Records contained in a dataset
=====
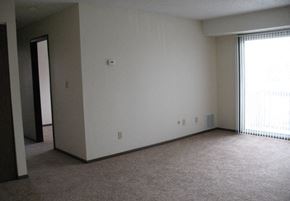 Monroe apartment for rent - A room with a carpeted floor and a window with blinds.
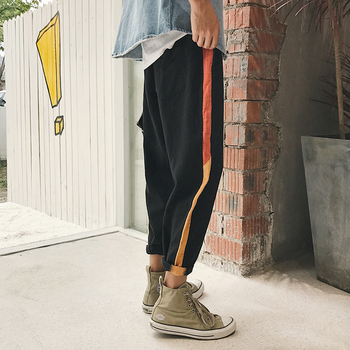 Κομψά αντρικά παντελόνια σε ευρύ σχέδιο σε δύο χρώματα ιμάντα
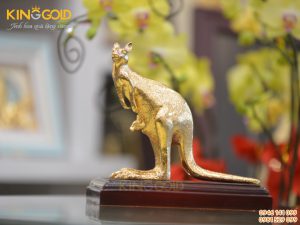 Tượng đồng con chuột túi Kangaroo- biểu tượng của nước Úc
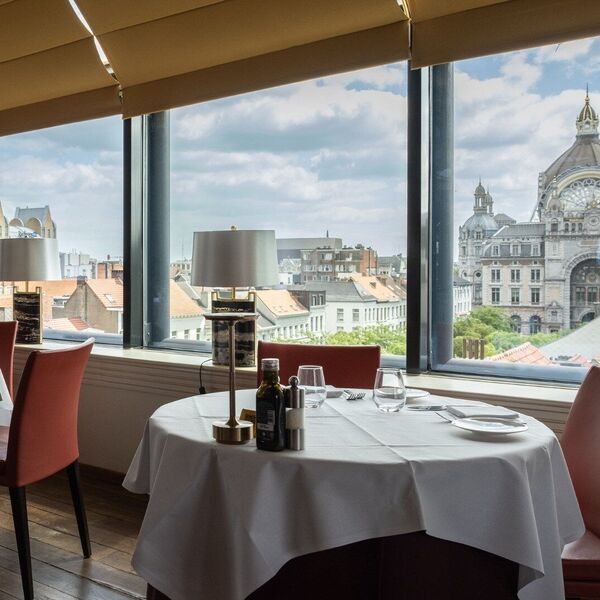 hyllit-antwerpen-gran-duca-rooftop-restaurant-italiaans-in-antwerpen-met-terras-en-uitzicht-op-hyllit-hotel-centraal-station.jpg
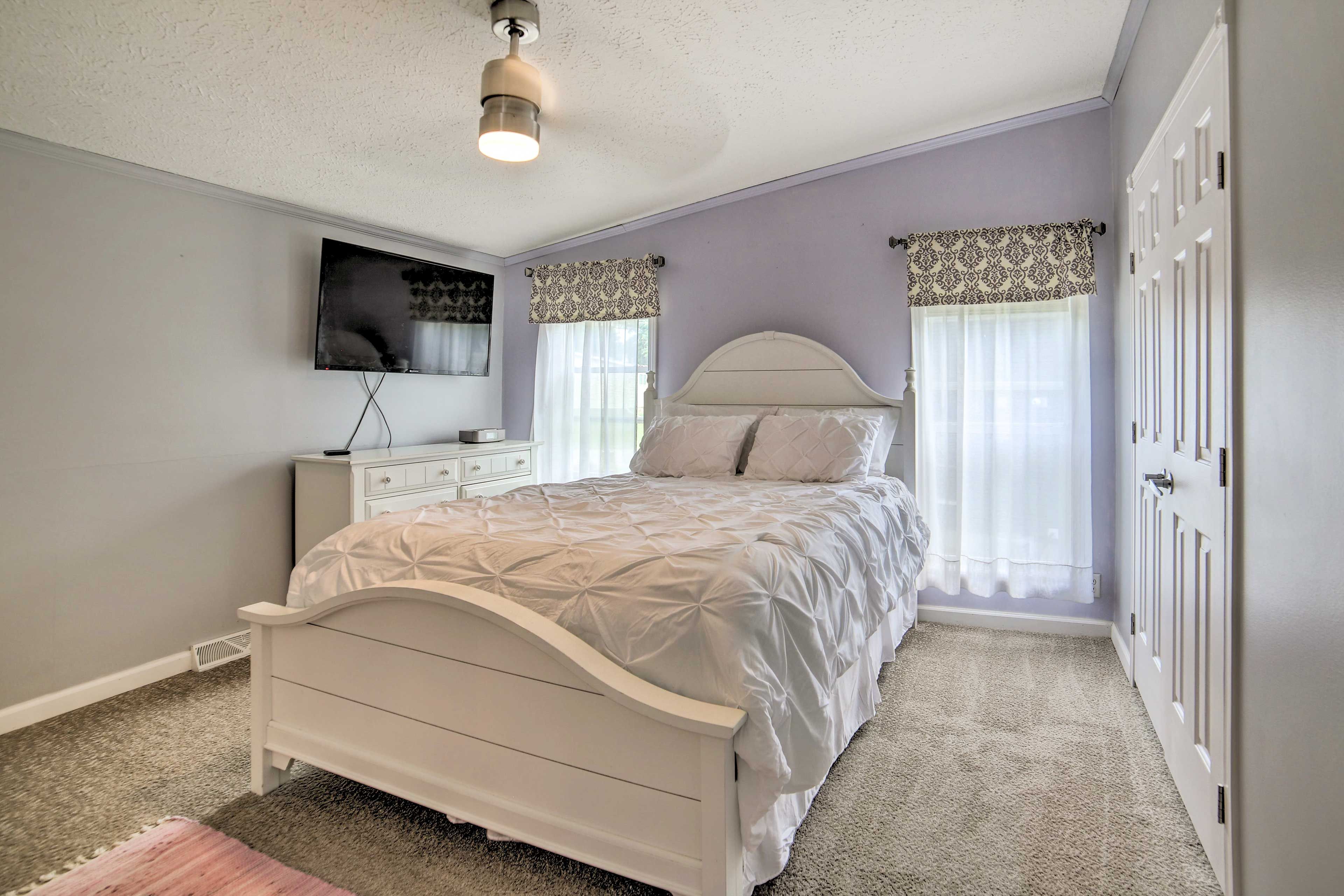 Bedroom 1 | Queen Bed | En-Suite Bathroom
=====
= Work task =
Without any pictures, please write out the lines from the one containing "Tượng đồng con" through the final line of the data, exactly and inclusive of both ends.

= Exercise solution =
 Tượng đồng con chuột túi Kangaroo- biểu tượng của nước Úc
 hyllit-antwerpen-gran-duca-rooftop-restaurant-italiaans-in-antwerpen-met-terras-en-uitzicht-op-hyllit-hotel-centraal-station.jpg
 Bedroom 1 | Queen Bed | En-Suite Bathroom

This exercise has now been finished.